_Task objective_: Print exactly the lines below between the line containing "Close-up-of-a-woman-getting-Botox-injections-to-her-face" and the line containing "Phospho-ATF1 (S63) Antibody", counting both of those lines. Leave pictures out.

_Records supplied_:
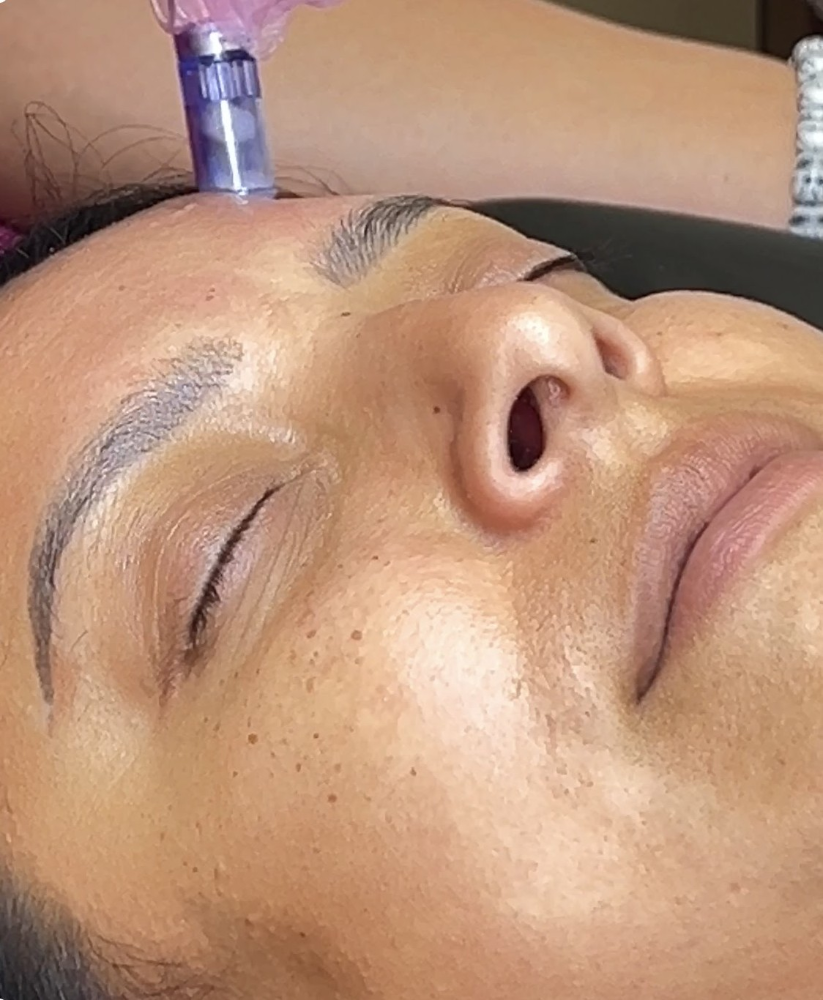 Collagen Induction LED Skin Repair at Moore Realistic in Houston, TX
==
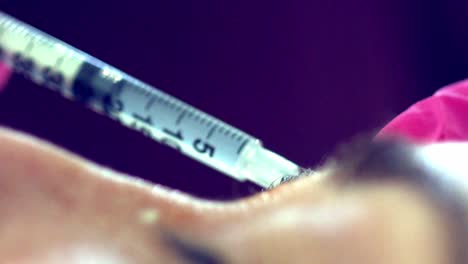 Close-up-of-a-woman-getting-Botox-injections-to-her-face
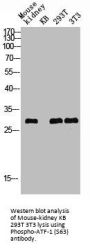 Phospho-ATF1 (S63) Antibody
* * *
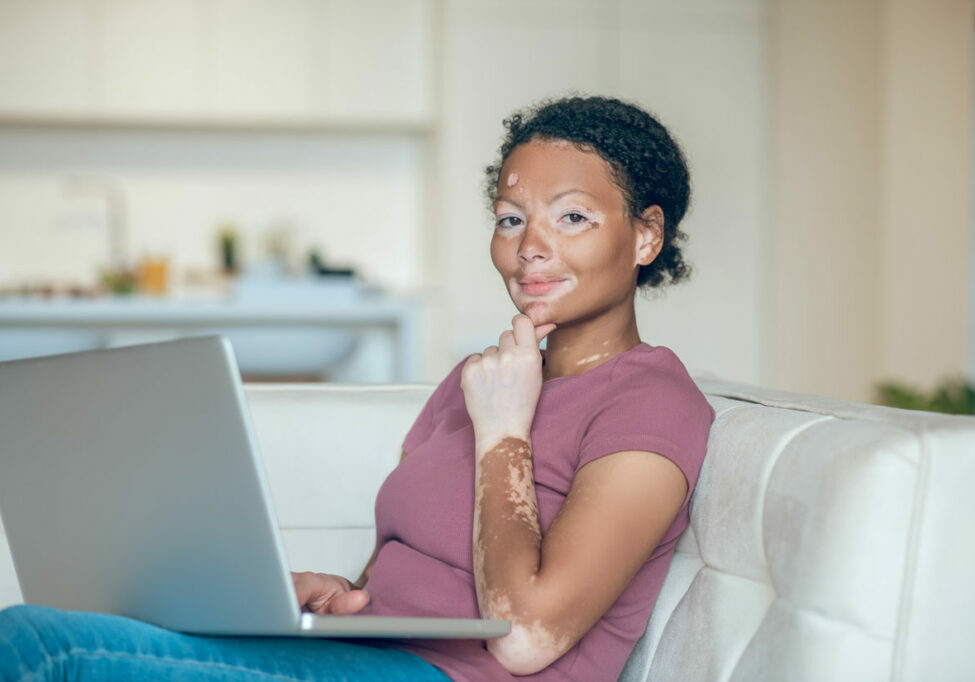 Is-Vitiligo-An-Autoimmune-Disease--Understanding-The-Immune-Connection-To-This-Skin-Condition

_Result for this task_:
 Close-up-of-a-woman-getting-Botox-injections-to-her-face
 Phospho-ATF1 (S63) Antibody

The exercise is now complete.